A waste collection company has claimed before the High Court that Dublin City Council is seeking to “re-monopolise” the household collection service in the capital.
The claim was made by counsel for Nurendale Ltd, trading as Panda Waste Services, Rathdrinagh, Beauparc Business Park, Navan, Co Meath.
Panda is seeking a court order to overturn the Council's decision altering the existing waste permit regime, under which some private collectors operate in the market, to one where collection is carried out by the local authority or a single collector appointed by the council.
Panda claims moves to alter the current regime is an abuse of the Dublin local councils' dominant market position. The company is also seeking damages.
Opening the case, Martin Hayden SC, for the company said there was a deliberate decision by the city council to "re-monopolise" the waste collection market.
Up to 1996, all household waste in Dublin had been collected by directly employed local authority workers. After 1996, a licensing system was introduced allowing private firms to operate. A number of such operators, including Panda, got involved.
Mr Hayden said the main reason the city council wants to re-monopolise the collection system is because it has entered into a contract to provide 320,000 tonnes of rubbish per year for the planned municipal waste incinerator at Poolbeg in Dublin.
The company is asking the court to judicially review a decision by the council, on behalf of all of the city's four local authorities, to vary the Dublin waste management plan. Panda claims the decision is essentially an attempt to prohibit the collection of waste by the private sector.
Mr Hayden said comments made in correspondence by assistant city council manager, Matt Twomey, showed that it was the intended there would be no private operators in the market.

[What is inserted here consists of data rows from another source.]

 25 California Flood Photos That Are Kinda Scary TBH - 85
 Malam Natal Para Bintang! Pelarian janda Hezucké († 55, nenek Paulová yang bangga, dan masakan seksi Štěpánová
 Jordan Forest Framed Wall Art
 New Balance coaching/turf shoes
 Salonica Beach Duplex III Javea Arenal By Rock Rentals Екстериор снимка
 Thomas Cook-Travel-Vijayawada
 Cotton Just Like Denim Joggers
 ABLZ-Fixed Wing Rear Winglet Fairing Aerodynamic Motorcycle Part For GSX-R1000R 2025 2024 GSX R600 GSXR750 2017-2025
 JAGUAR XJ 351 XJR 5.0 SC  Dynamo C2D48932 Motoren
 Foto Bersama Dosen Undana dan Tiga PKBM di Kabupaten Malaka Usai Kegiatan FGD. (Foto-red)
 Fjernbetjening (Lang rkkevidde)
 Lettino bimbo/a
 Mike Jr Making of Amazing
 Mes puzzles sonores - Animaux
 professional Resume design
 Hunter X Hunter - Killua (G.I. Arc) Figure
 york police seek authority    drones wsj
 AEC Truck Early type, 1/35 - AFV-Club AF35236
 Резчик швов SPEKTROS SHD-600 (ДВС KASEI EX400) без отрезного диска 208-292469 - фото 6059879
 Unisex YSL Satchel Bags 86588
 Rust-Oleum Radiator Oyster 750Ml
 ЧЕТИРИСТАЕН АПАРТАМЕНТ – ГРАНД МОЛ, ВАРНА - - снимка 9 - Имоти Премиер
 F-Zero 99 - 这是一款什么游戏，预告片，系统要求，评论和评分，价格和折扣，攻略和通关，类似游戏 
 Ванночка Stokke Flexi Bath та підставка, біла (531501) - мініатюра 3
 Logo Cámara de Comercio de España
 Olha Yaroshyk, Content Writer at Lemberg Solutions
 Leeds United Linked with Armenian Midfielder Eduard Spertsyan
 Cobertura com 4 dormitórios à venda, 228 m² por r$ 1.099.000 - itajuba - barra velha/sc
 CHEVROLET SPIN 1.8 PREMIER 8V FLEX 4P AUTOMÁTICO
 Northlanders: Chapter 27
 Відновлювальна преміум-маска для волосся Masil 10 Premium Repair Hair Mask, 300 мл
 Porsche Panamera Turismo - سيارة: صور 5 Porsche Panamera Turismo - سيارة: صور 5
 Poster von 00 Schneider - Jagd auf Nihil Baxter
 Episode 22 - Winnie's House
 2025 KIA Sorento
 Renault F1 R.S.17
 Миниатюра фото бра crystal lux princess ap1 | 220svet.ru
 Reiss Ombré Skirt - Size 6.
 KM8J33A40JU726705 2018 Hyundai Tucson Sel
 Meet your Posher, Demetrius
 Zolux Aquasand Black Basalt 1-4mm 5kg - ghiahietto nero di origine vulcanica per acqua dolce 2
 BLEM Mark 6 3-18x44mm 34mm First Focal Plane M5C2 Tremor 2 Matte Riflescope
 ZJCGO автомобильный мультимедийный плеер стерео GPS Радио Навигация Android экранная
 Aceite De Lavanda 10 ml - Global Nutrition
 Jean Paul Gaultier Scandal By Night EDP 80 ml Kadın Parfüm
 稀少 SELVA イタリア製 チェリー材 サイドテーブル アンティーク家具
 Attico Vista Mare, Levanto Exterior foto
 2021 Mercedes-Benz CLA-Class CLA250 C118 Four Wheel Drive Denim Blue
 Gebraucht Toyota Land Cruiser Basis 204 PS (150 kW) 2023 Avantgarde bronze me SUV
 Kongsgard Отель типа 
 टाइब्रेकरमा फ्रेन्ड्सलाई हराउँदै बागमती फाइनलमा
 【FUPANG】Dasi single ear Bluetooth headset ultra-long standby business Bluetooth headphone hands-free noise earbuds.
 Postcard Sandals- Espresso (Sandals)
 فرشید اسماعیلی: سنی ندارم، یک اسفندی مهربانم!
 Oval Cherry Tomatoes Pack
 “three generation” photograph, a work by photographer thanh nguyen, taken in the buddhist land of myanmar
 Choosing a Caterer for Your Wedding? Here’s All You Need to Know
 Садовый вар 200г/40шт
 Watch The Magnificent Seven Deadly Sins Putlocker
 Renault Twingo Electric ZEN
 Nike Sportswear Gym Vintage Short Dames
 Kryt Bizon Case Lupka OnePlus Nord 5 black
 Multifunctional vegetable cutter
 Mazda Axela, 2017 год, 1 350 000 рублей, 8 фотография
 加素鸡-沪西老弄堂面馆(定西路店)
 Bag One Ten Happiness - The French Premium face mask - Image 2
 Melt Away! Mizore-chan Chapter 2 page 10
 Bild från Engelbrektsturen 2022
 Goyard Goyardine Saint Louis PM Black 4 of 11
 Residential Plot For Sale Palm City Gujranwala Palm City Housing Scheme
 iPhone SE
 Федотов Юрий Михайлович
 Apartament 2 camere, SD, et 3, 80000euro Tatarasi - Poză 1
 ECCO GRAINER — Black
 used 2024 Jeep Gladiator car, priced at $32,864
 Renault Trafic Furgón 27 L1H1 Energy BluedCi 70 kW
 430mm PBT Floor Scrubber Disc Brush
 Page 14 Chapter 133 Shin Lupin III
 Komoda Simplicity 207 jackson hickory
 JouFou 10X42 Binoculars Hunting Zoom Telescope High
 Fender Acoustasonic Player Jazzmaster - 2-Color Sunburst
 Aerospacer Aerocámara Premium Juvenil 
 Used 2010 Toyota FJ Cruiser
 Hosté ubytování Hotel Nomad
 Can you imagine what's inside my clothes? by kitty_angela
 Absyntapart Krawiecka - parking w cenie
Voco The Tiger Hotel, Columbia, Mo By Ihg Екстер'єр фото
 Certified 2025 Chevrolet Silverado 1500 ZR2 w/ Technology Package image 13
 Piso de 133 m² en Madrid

The city council says that it is its intention that collection of household waste will be by a single operator, either the local authority, or as a result of a tendering process.
Panda Waste was set up in 1990 and employs 250 people. It has an annual turnover of around €50m and some 28,000 domestic customers in Dublin. In 2005, the company implemented a business plan in which it focused on the domestic waste collection market, particularly in Dublin. It competed in Dun Laoghaire, Fingal and South Dublin Council areas and bought the Smurfit Recycling plant in Ballymount.
The case before Mr Justice Liam McKechnie continues.